The integrity conveyed by the words "Zinn" and "Chomsky" is, in the end, impossible to pin down. They have been cut from an older, different cloth. Their roots lie in an earlier time when those fighting for peace and social justice did so because of who they were, not because they sought personal power or to realize fantasies of "revolution". I asked Howard last January what kept him continuing to fight, write and speak for peace and social justice when it all seemed so hopeless. His answer was as simple as it was profound. "I couldn't live with myself if I didn't." The meaning of the words were far less important than the wave of feeling that moved through me as he said them, a wave of feeling that cut through the rationalizing and intellectualizing and connected with the deepest part of me that feels the same way.
The most important role that "Zinn" and "Chomsky" (whom I also met in Laos, in 1970) have played in my life has been to serve as nouns reminding me of my highest self. I cannot describe how often, consciously or unbidden, I have found myself thinking "how would Howard see this?," "what would Howard say?", "what would Noam do in this case?".
And the deepest role they have played in my life only became apparent to me in recent years, as I began to explore my unconscious. I realized that they represented a kind of moral center in my life, a compass, a guiding star. This or that politician in whom I had believed might turn out to have feet of clay. I might betray my own ideals. I might drop out for a while, become despairing. But knowing that "Zinn" and "Chomsky" did not, that they fought consistently for their ideas, did not get corrupted by the temptations of power, meant that somewhere, some place, there remained a still point of integrity in this world.
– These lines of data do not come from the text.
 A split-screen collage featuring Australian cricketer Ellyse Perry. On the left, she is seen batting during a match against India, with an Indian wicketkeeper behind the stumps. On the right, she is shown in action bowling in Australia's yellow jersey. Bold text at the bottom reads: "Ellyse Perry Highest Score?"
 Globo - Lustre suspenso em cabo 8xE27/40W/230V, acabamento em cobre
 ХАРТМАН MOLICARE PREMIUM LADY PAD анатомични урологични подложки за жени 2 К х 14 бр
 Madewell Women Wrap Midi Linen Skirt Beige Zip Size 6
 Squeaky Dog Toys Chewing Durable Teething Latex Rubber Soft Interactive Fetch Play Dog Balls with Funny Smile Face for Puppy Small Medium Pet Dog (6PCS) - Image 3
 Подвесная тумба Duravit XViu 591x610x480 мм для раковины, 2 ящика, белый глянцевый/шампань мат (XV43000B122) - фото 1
Somewhere, some place, it was possible to remain a human being with compassion, intellectual clarity, moral courage, a passion for social justice and, above all, integrity. Somewhere, someplace, the world was not entirely sick, corrupted, confused or compromised.
These "Zinn" and "Chomsky" states of being, which meant so much to me, also made me feel conflicted about the persons Zinn and Chomsky at various points in my life, particularly when I went into electoral politics in the 1980s. I projected onto them that they, who had kept their integrity, would look down on me for getting involved in electoral politics. I assumed they would find my rationale for doing so morally or intellectually compromised. I tended to avoid them during this period.
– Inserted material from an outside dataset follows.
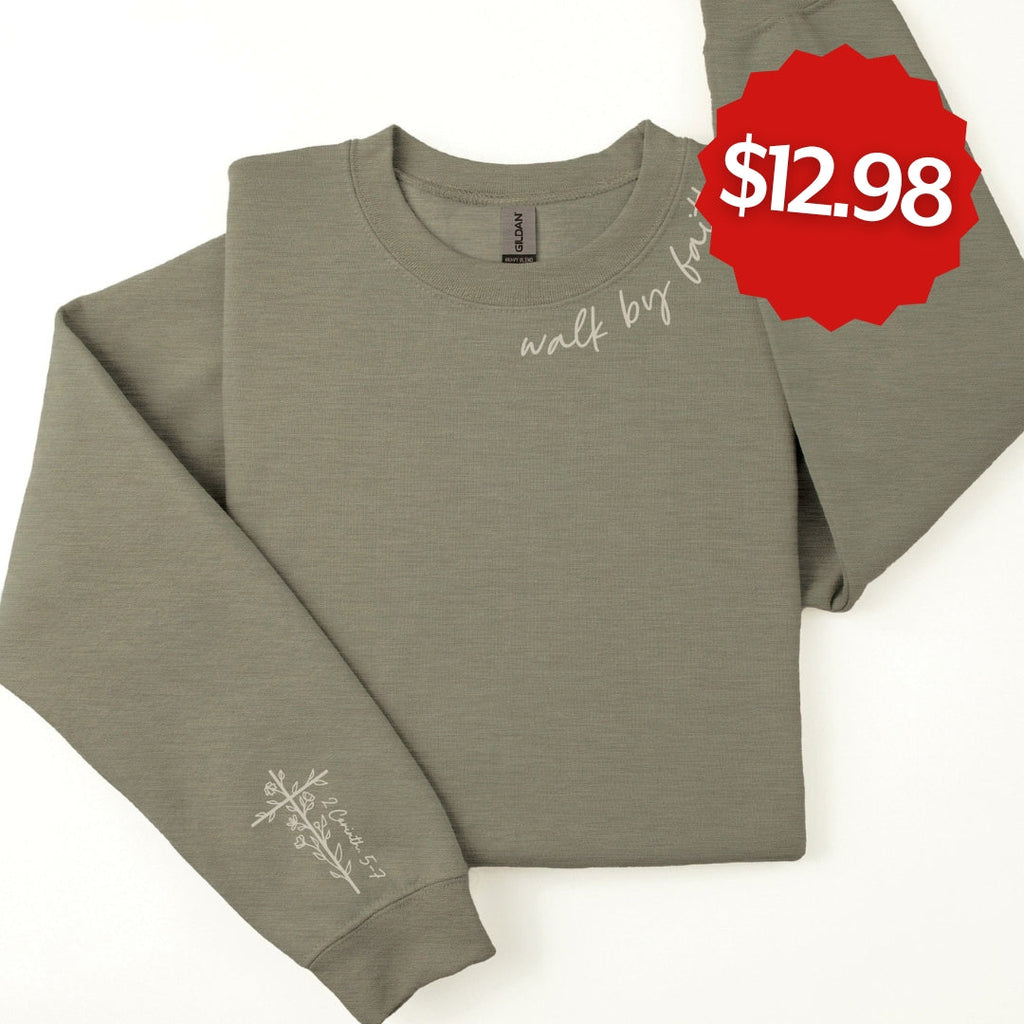 Embroidered Walk By Faith Sweatshirt product image 1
I also sometimes saw them as naive. When I talked to Howard shortly after John Kerry was nominated for President he said forcefully that Kerry had better run against the Iraq war if he wanted to win. My internal reaction was something along the lines of "oh, there he is, good old Howard, naive romantic to the end. Noone can hope to win the Presidency without supporting the Iraq war."
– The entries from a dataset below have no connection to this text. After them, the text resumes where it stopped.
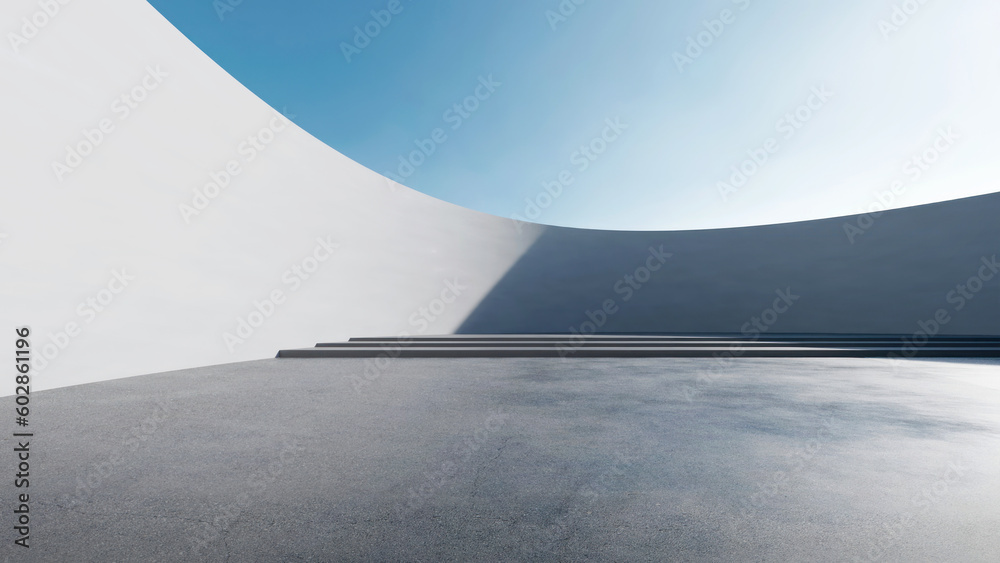 Leinwandbilder 3d render of abstract modern architecture with empty concrete floor and curve wall, car presentation background.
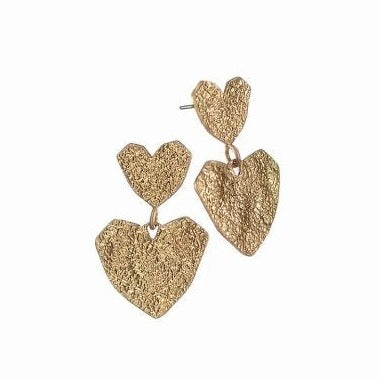 Worn Gold Heart Drop Earrings
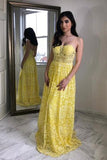 Charming A-Line Spaghetti Straps Floor-Length Yellow Lace Prom Dress HZ0527
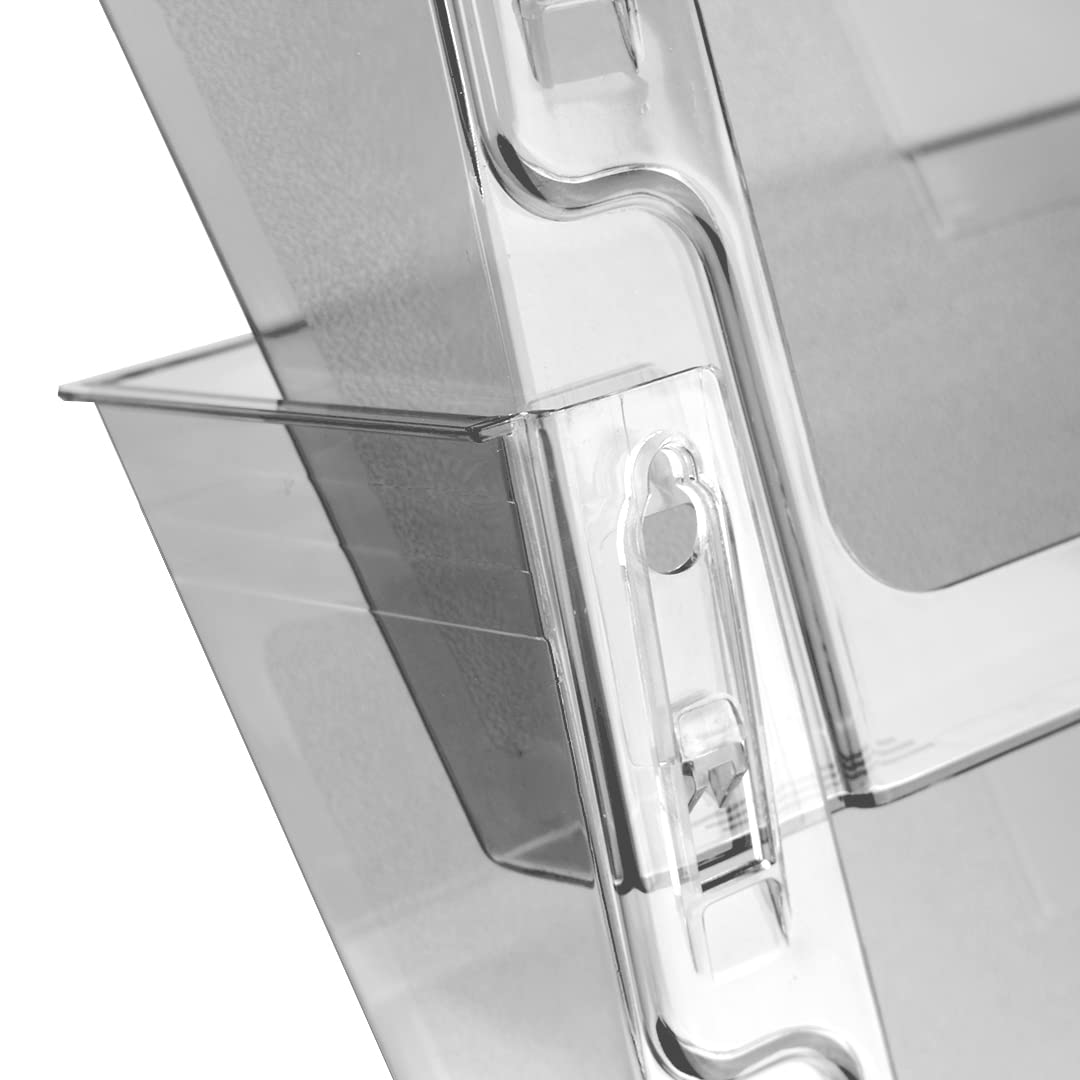 Acrimet Wall Mount Pocket File Organizer Holder Modular Letter Size A4 Plastic (Hangers Included) (Clear Crystal Color) (3 Pack)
I did not foresee that Kerry's key losing moment of the campaign would be saying he voted for the Iraq war before he voted against it, or that Barack Obama would win the Presidency largely for opposing the Iraq war at a time when the conventional wisdom, embodied by Hillary Clinton, still held that supporting it was necessary to win. I did not foresee that a few years hence I would see myself as naive on this question, and Howard more realistic. Nor did I foresee that when I met with them again neither would judge me negatively for my forays into electoral politics. It had all been a projection on my part.
I also did not foresee that as the horrors of the Bush Years wore on, and the disappointment of Obama Year One would kick in, that I would find myself increasingly embracing what they have taught and what they have embodied; that they would be serving even more as a lodestone to me in these years than they did in my youth.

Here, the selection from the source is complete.